- INSTRUCTIONS TO FOLLOW
An exact reproduction of the entries is needed. Keep all pictures out of it.

*** Opening DATA FOR THIS EXERCISE ***

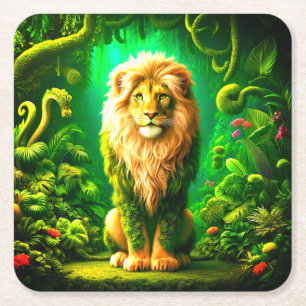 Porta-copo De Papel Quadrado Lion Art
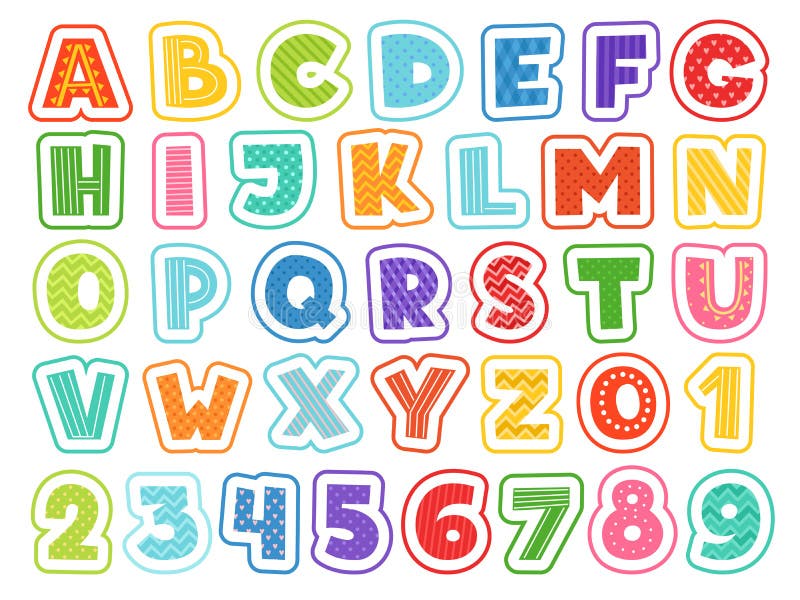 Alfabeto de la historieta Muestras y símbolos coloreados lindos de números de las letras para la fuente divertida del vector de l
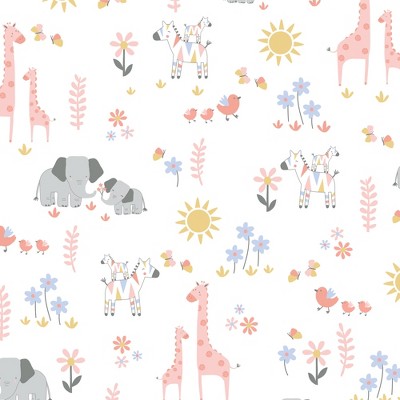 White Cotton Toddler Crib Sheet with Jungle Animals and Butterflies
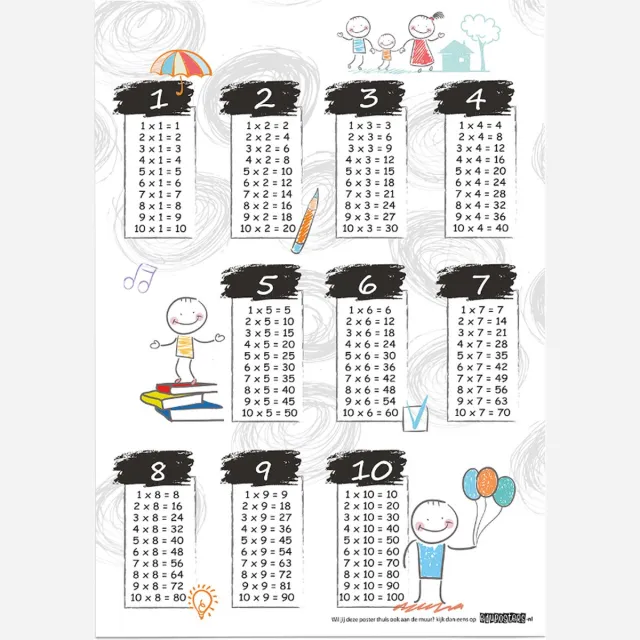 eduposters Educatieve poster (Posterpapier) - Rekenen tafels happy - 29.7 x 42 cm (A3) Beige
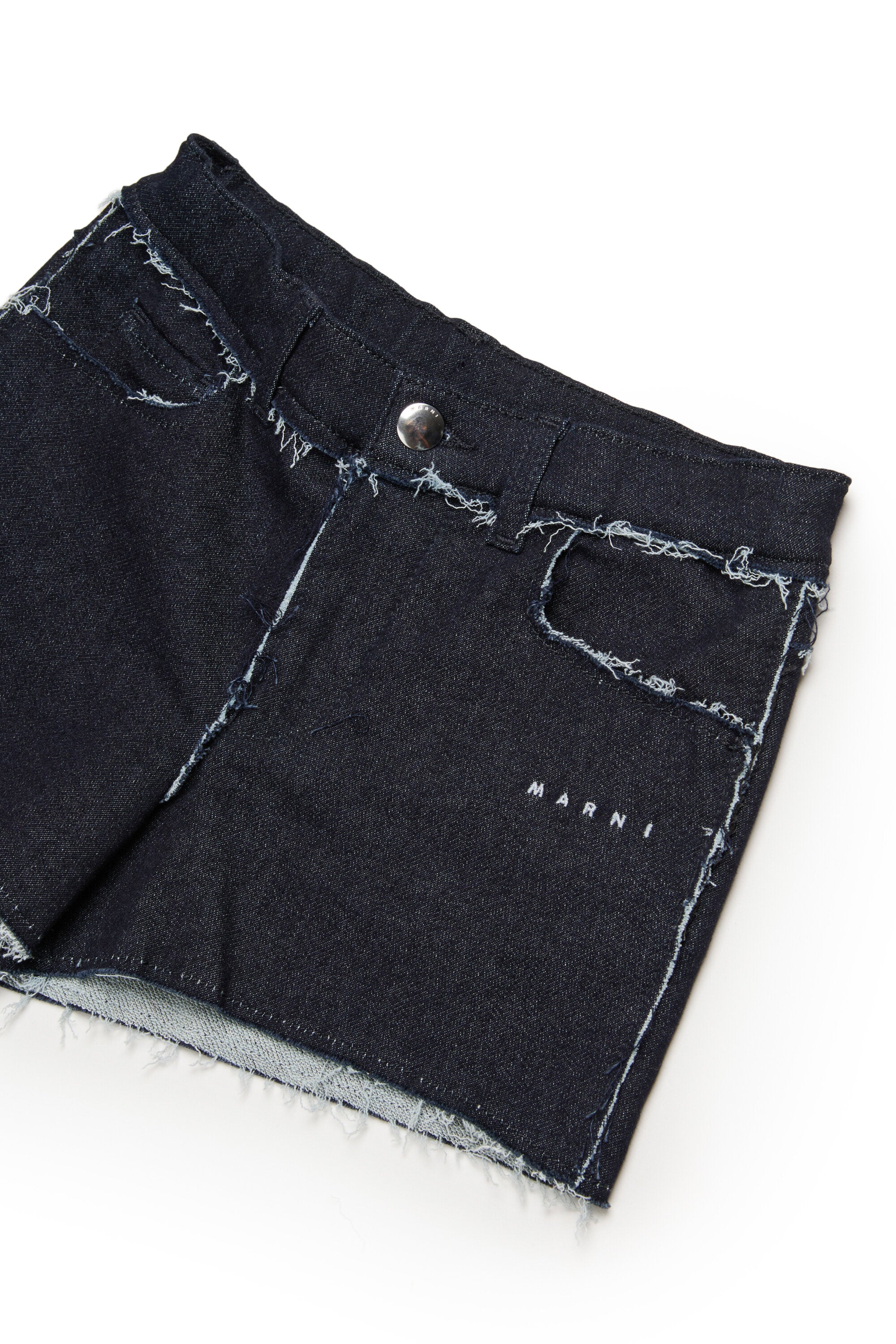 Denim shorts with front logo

*** Closing DATA FOR THIS EXERCISE ***

- ANSWER TO THE EXERCISE
 Porta-copo De Papel Quadrado Lion Art
 Alfabeto de la historieta Muestras y símbolos coloreados lindos de números de las letras para la fuente divertida del vector de l
 White Cotton Toddler Crib Sheet with Jungle Animals and Butterflies
 eduposters Educatieve poster (Posterpapier) - Rekenen tafels happy - 29.7 x 42 cm (A3) Beige
 Denim shorts with front logo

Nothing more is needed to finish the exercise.